--- START ---

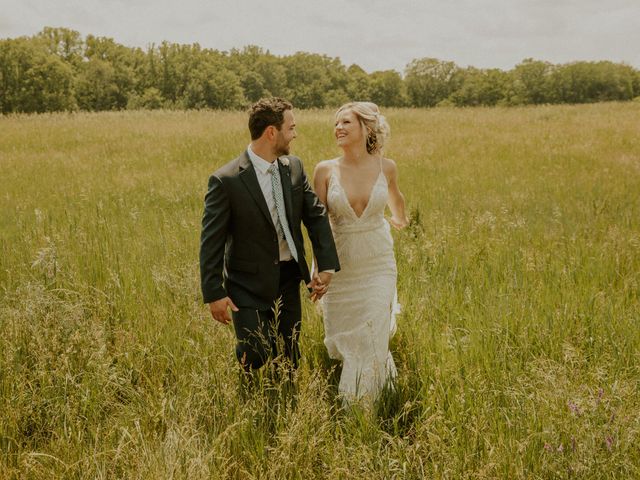 Luke and Chelsea&apos;s Wedding in Novi, Michigan 15
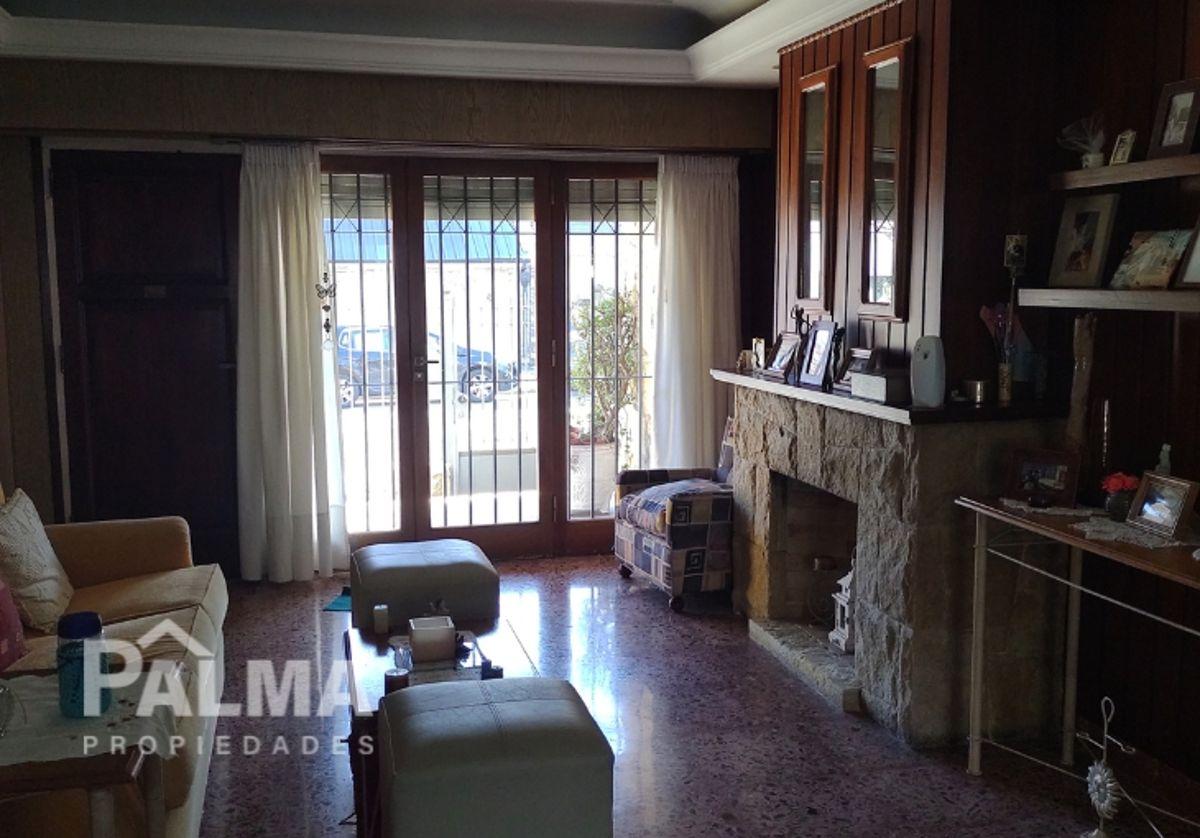 Foto de VENTA IMPECABLE CHALET CON JARDIN Y GRAN QUINCHO - CHAUVIN, imagen 2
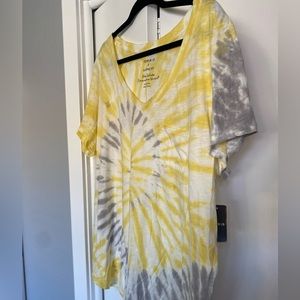 Torrid Yellow Tie Dye Short Sleeve V-Neck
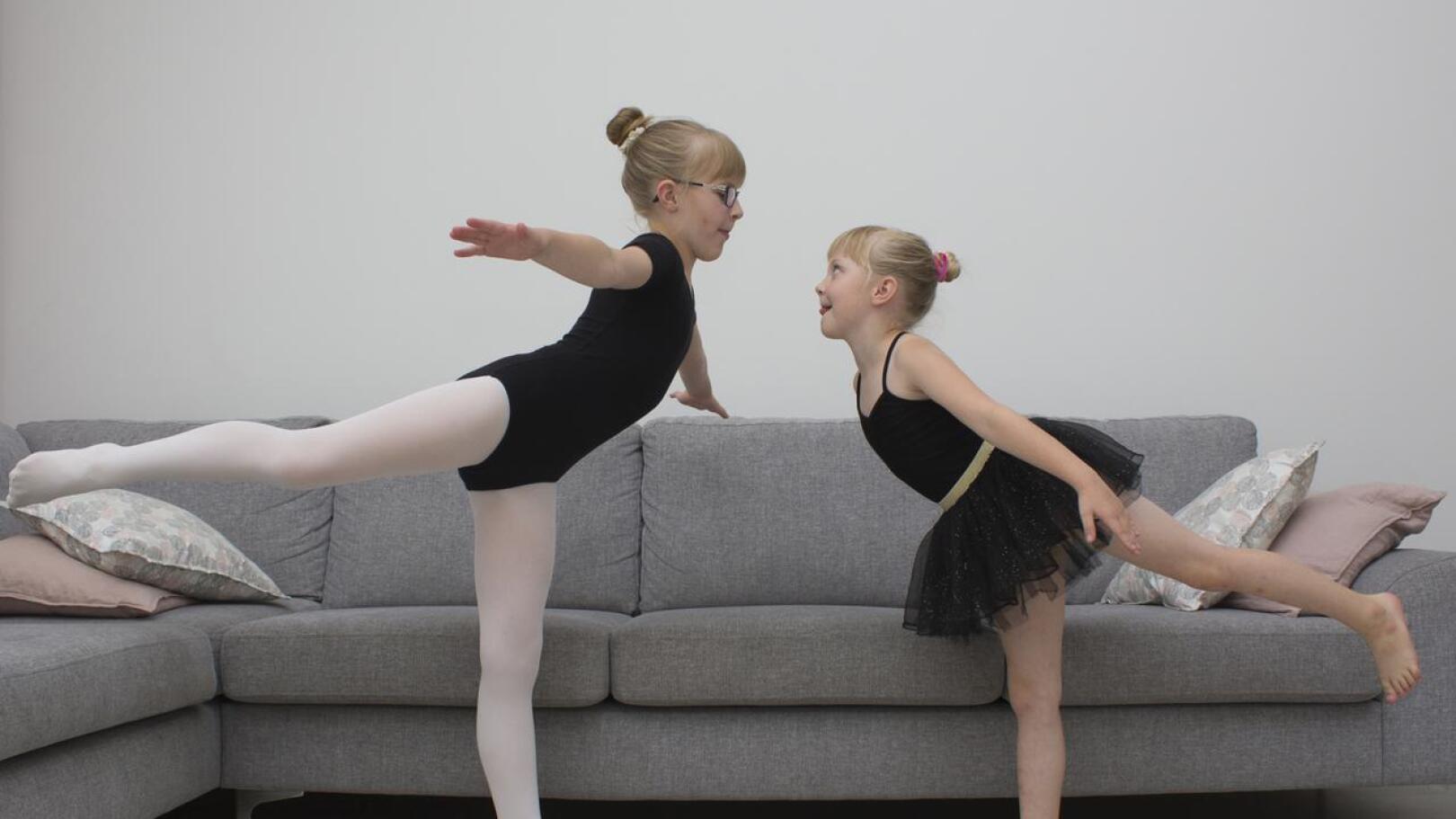 Minea ja Julia Lassila toivovat kovasti pääsevänsä Kalajoen kansalaisopiston balettikurssille.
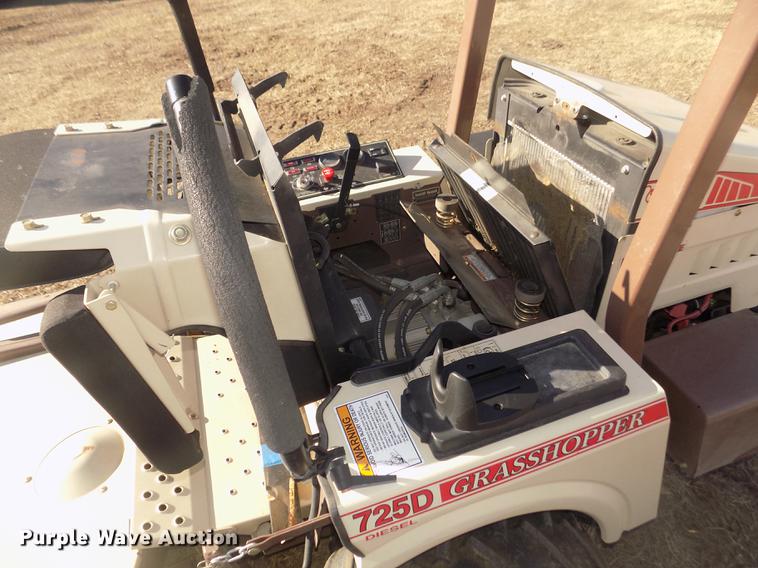 image for item DD2808 2016 Grasshopper 725DT6 ZTR lawn mower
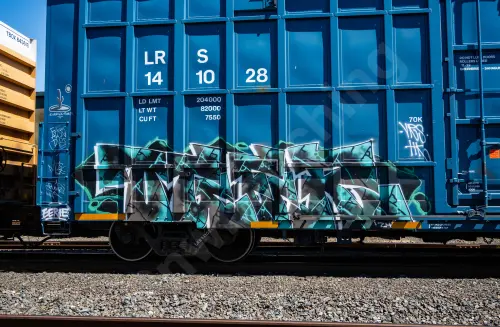 LRS141028
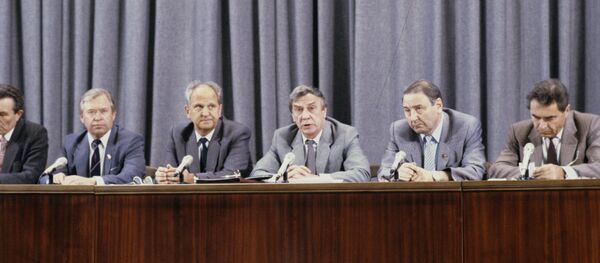 А.И. Тизяков, В.А. Стародубцев, Б.К. Пуго, Г.И. Янаев, О.Д. Бакланов А.И. Тизяков, В.А. Стародубцев, Б.К. Пуго, Г.И. Янаев, О.Д. Бакланов - Sputnik Абхазия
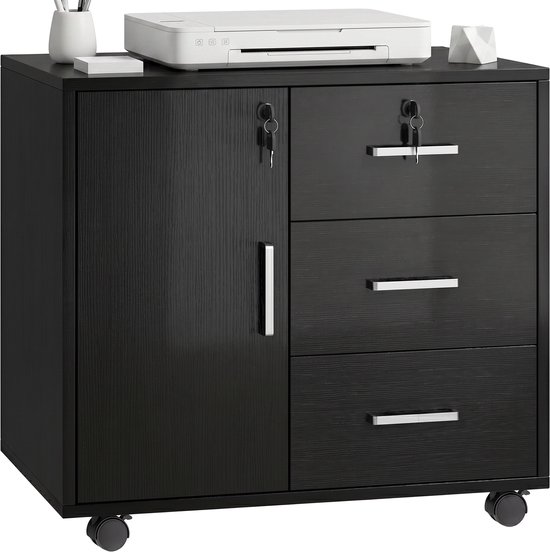 Zwarte archiefkast met 1 deur en 3 lades, met een printer erop. Op wieltjes.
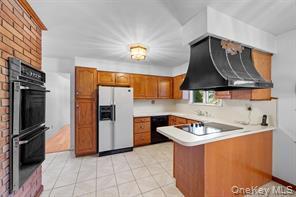 Photo - 16 Fernglade Ct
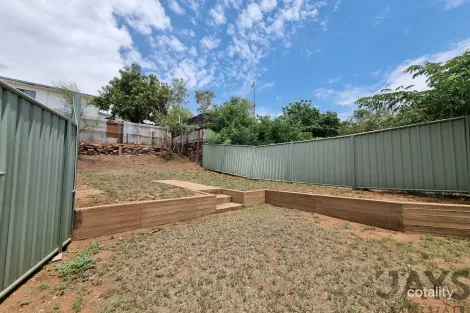 Property photo of 1/52 Fourth Avenue Parkside QLD 4825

--- END ---

* [WHAT YOU ARE ASKED TO DO]:
Give the lines from the one containing "image for item" through the final line of the material again, exactly and in full, but without pictures.

* [SOLUTION TO THE PROBLEM]:
 image for item DD2808 2016 Grasshopper 725DT6 ZTR lawn mower
 LRS141028
 А.И. Тизяков, В.А. Стародубцев, Б.К. Пуго, Г.И. Янаев, О.Д. Бакланов А.И. Тизяков, В.А. Стародубцев, Б.К. Пуго, Г.И. Янаев, О.Д. Бакланов - Sputnik Абхазия
 Zwarte archiefkast met 1 deur en 3 lades, met een printer erop. Op wieltjes.
 Photo - 16 Fernglade Ct
 Property photo of 1/52 Fourth Avenue Parkside QLD 4825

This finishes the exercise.